- Brief -
The expected output is the line holding "中国古美術.明時代.王監款.山水画.宣紙画.肉筆.掛け軸.水墨画.書道.文" plus every line after it through the end of the listing, copied exactly.

- Provided material -
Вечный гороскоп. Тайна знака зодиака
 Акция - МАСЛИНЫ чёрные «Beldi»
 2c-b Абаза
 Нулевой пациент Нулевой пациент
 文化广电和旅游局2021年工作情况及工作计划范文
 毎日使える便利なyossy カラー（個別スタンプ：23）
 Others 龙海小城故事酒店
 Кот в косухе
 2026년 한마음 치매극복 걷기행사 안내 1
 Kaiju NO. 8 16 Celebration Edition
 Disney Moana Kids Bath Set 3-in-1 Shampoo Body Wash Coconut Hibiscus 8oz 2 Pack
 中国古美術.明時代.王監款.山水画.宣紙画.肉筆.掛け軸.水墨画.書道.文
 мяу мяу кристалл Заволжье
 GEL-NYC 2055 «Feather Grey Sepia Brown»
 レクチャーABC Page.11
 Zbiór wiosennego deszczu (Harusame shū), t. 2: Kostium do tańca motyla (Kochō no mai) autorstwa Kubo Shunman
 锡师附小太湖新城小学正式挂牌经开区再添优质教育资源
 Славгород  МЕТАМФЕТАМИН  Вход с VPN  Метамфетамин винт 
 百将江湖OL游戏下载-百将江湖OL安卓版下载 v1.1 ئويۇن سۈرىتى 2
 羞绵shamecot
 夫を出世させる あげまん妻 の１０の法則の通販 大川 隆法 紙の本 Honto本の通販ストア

- Result of the task -
 中国古美術.明時代.王監款.山水画.宣紙画.肉筆.掛け軸.水墨画.書道.文
 мяу мяу кристалл Заволжье
 GEL-NYC 2055 «Feather Grey Sepia Brown»
 レクチャーABC Page.11
 Zbiór wiosennego deszczu (Harusame shū), t. 2: Kostium do tańca motyla (Kochō no mai) autorstwa Kubo Shunman
 锡师附小太湖新城小学正式挂牌经开区再添优质教育资源
 Славгород  МЕТАМФЕТАМИН  Вход с VPN  Метамфетамин винт 
 百将江湖OL游戏下载-百将江湖OL安卓版下载 v1.1 ئويۇن سۈرىتى 2
 羞绵shamecot
 夫を出世させる あげまん妻 の１０の法則の通販 大川 隆法 紙の本 Honto本の通販ストア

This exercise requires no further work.